Saturday, June 16, 2007

Saturday Slight

Today begins the wedding bells season. The summer invitations have been stacking up, and today's special occasion features Ty Oliver and Keely Kinzer, both former students. This wedding will take place at the family farm; from all reports it's a laid-back affair in keeping with the young couple's very down-to-earth manner. There will be foresters there, so Bill's looking forward to going, and I have a feeling most of the faces will be familiar.

We've got a wedding next week also. Bill plays his harmonica for that one, which involves our longtime family friends, the Raihas. Dan, the second of three Raiha children, will be marrying his fiancee Tina. Again, it promises to be a fun outside occasion alongside the Pend Oreille River. I think there's a break after that; then, I'll have to check the stack again so I don't forget which one comes next.

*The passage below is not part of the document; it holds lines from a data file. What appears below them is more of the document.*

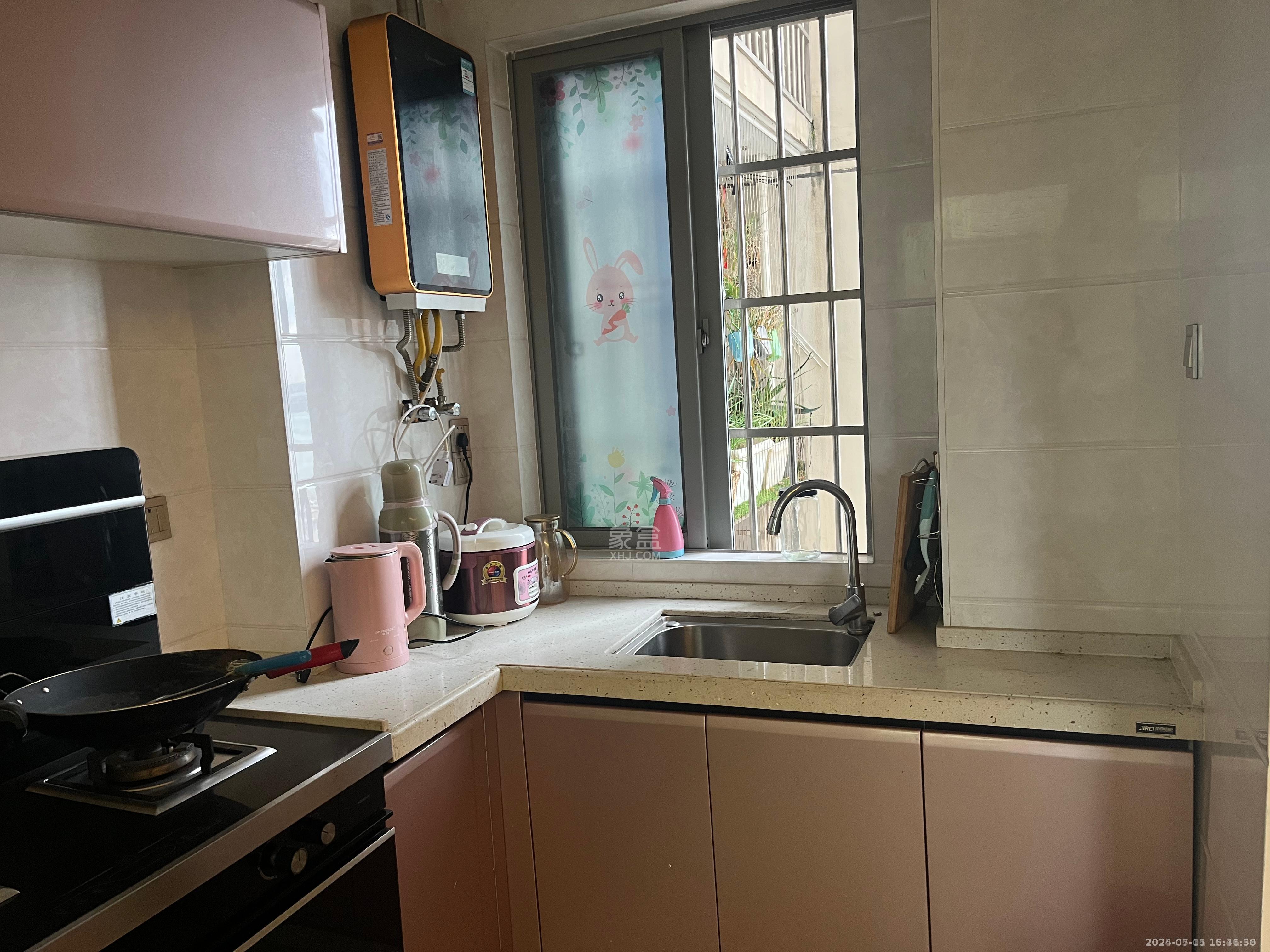 文化园三期 1室1厅1卫 1200.0元/月 文化园三期 1室1厅1卫 1200.0元/月室内图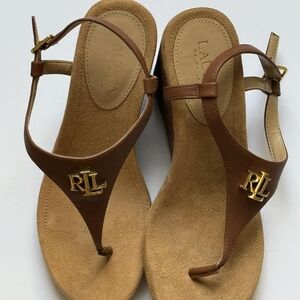 Lauren Ralph Lauren Tan Sandals with Gold Accents  Size US 7 , UK 5 , EUR 38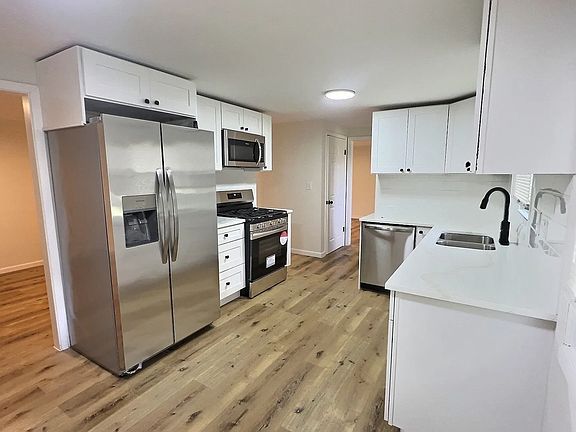 3rd image of 1004 Blackhawk Dr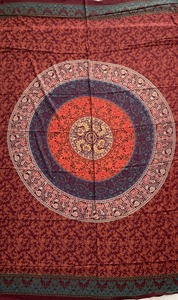 Tapisserie murale circulaire bohème, décoration murale en tissu imprimé, art abstrait, motif de fleurs, décoration intérieure, pièce unique - Product Image 1
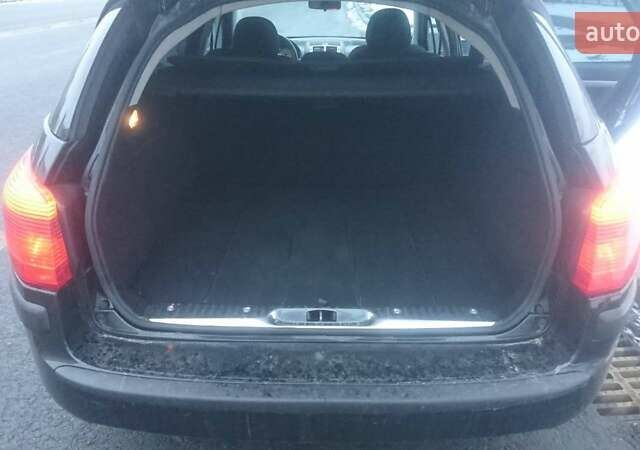 Чорний Пежо 407, об'ємом двигуна 2 л та пробігом 300 тис. км за 4500 $, фото 6 на Automoto.ua
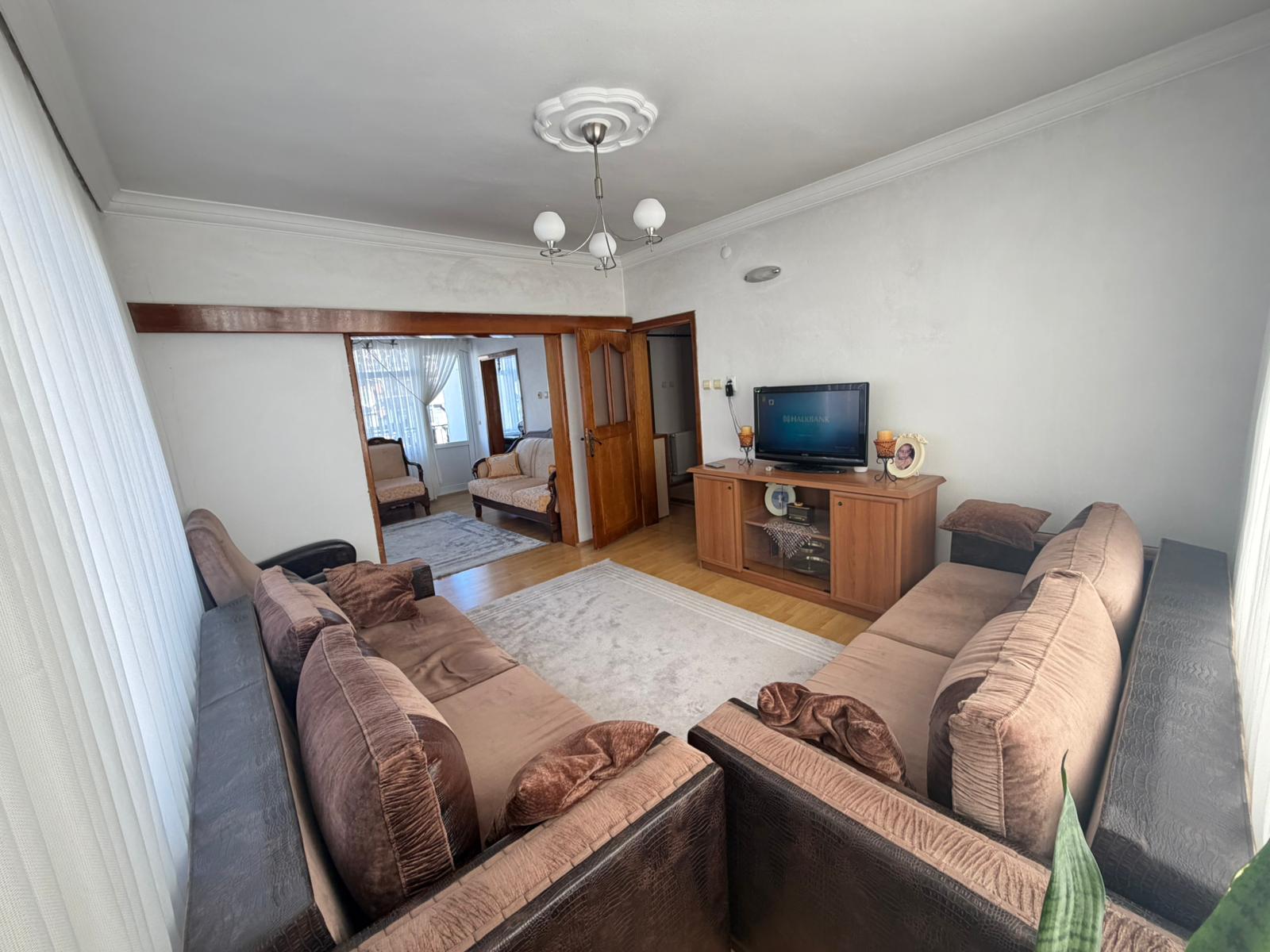 MABELDEN MEYDANA YÜRÜME MESAFESİNDE DOĞALGAZLI DAİRE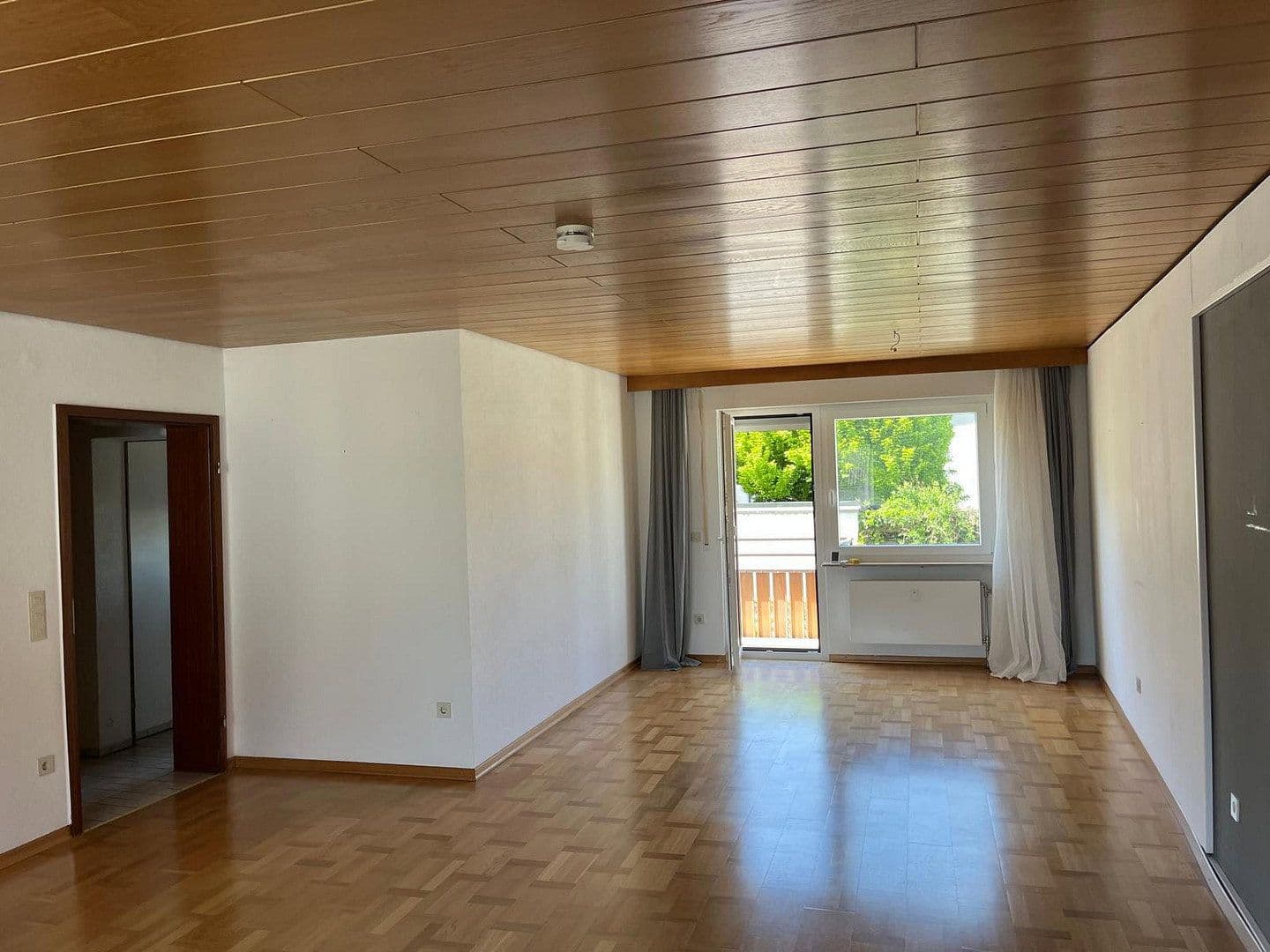 Predaj domu 232 m², pozemek 319 m², Wiesbaden, Hesensko Predaj domu 232 m², pozemek 319 m², Wiesbaden, Hesensko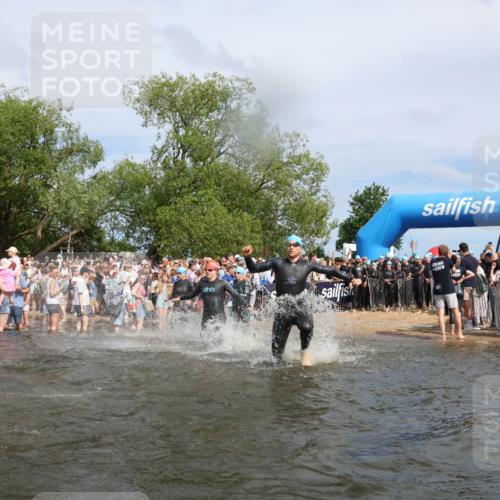 21.06.2026 - Viking Triathlon Michael Strokosch http://msf.ph/oto/9842428 21.06.2026 10:03:27 Schwimmen 53, 58, 84, 118, 143, 202, 251, 303, 328, 364, 419, 423, 455, 457, 487, 556, 656, 667 meine-sportfotos.de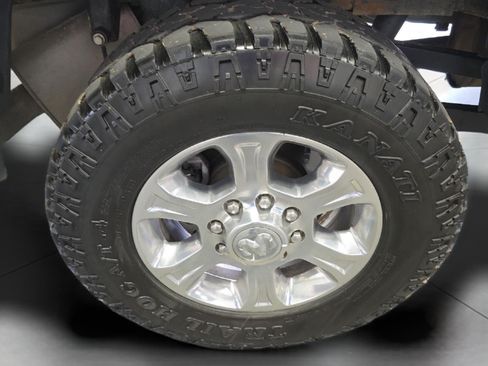 Used 2024 RAM 2500 Big Horn AWD/4WD image 24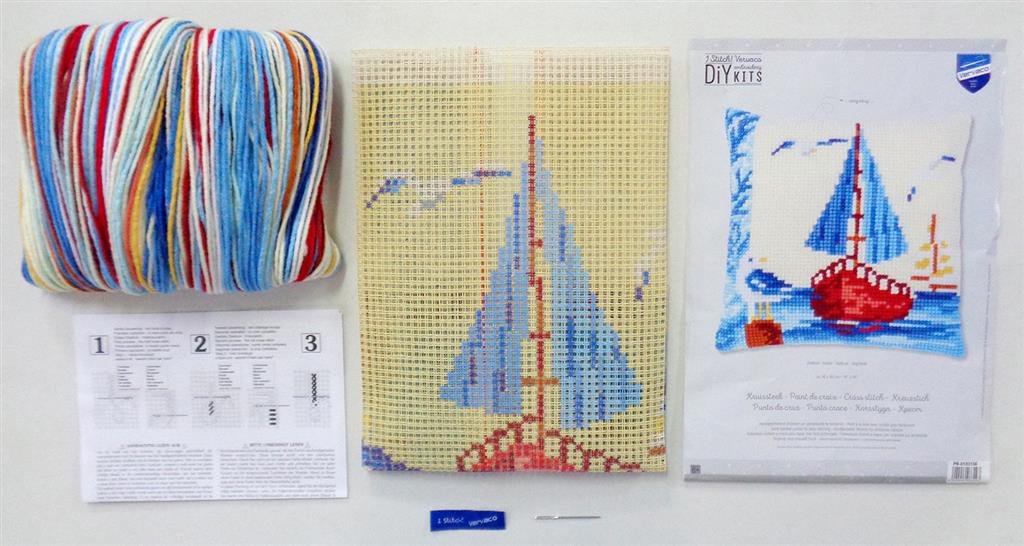 Broderipakning - stramaj pude - Sejlskib p fjorden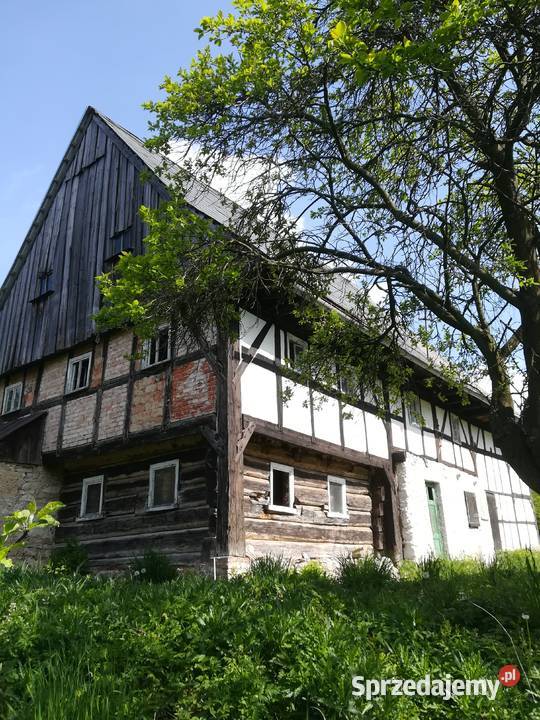 Dom drewniany przysłupowy z widokiem na dolnośląskie Wleń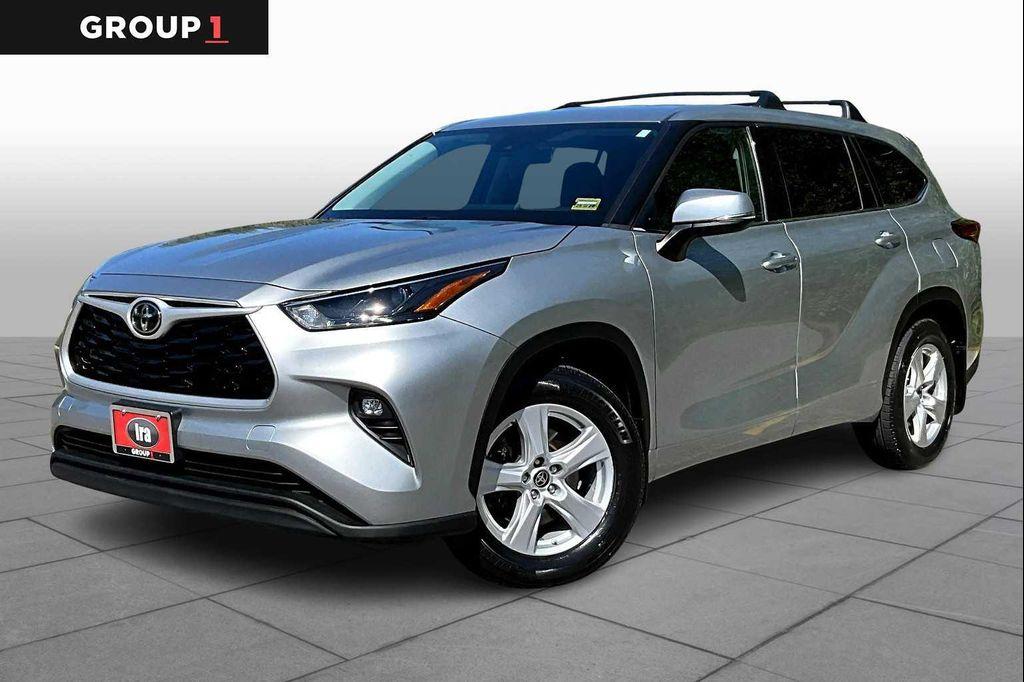 used 2022 Toyota Highlander car, priced at $31,991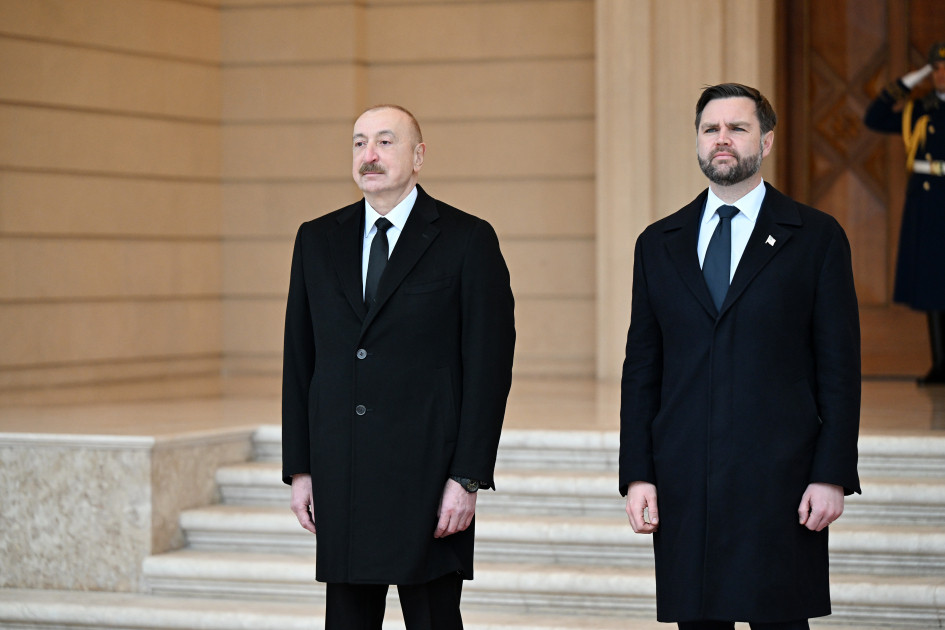 Bakıda Amerika Birləşmiş Ştatlarının Vitse-prezidentinin rəsmi qarşılanma mərasimi olub<font color=red> - FOTOLAR</font>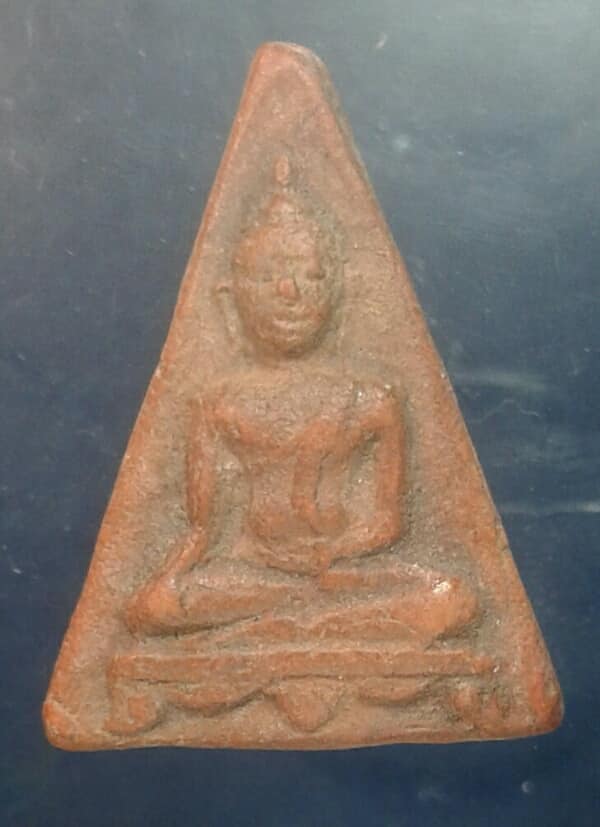 พระนางพญาเนื้อดิน  ไม่ทราบที่   เคาะเดียวครับ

Our own wedding took place on a hot June day 33 years ago yesterday. We celebrated the third of a century milestone last night with a nice dinner at Hope's Dock of the Bay. Barney, Carol and the crew always put out a delectable meal; plus sitting and looking out onto the lake ain't bad either.

Before heading off for dinner, we hung around while Tony, the Craftsman fixer-upper extraordinaire, got our fleet all in good repair. A new engine for the red riding mower, which has behaved erratically of late until last week's final blow-out---that would be a rod blow-out which occurred directly after the clouds of blue smoke started billowing from the engine. When I saw the hole in the side of the engine and the piece of shrapnel that had released itself from the engine frame and kindly stayed under the hood, I was glad to be alive.

Tony also finished assembling the lawn groomer we bought about a month ago. Bill got the project started but couldn't figure out how to attach the bag that catches all the lawn garbage. Tony didn't think it was so easy either, but between the two of them, they figured it out. Finally, Tony changed the oil in the most recently purchased Craftsman riding tractor. Thanks to Tony, my lawnmowing woes should be on hold for a while.

My sisters recently purchased one of those Craftsman lawn groomers, had it assembled in-shop for a fee, brought it home, tried it out and instantly turned arrogant. Yesterday morning, while bringing back the potted plants and card tables they had borrowed for a teacher retirement party Thursday night, they inspected all lawns between the Tibbs house and the Love house, noting which ones really needed a lawn groomer. And, ours topped the list---especially with all those ground up Scotch pine comes and that windrow of grass clippings out there in front.

That will change quickly now that my own groomer is fully assembled. They won't have anything over on me in that department. Can't wait to get out there and clean up the grass---and finish that garden fence. My sisters just grinned when I pointed toward the fence; then, Laurie asked, "Is it going to stay up?" I can always count on the painful truth from my sisters.

The strawberries are starting to come on, and the deer don't really care---but the robins do. I've got netting, and the robins aren't happy. They keep congregating over there by the patch, and whenever they see me coming, they feign worm digging, as if I didn't know they're mad cuz they can't get at those berries.

They do have more promising potential with the cherry tree. I've gotten up on a ladder a few times, with a big long piece of plastic pipe and have managed to cover about two thirds of the cherry tree with three different parcels of netting. Is there an easy way to put netting on a tree without ripping half the cherries off the limbs? I think not, but will welcome all suggestions short of renting a hydraulic lift.

Well, with all that equipment begging for use, with that garden fence begging completion and with that fruit begging for human vigilance, I'd better get out of here and get some stuff done before those wedding bells start ringing over there in Samuels.

Have a great Saturday.

1 comment:

Word Tosser said...

M. when doing the fence..run a broom handle down thru the loops... then pull the broom handle. easier on the fingers and the fence comes evenly.

Maybe you better send off for one of those net cannons they show on National Geo. channel...lol for the trees.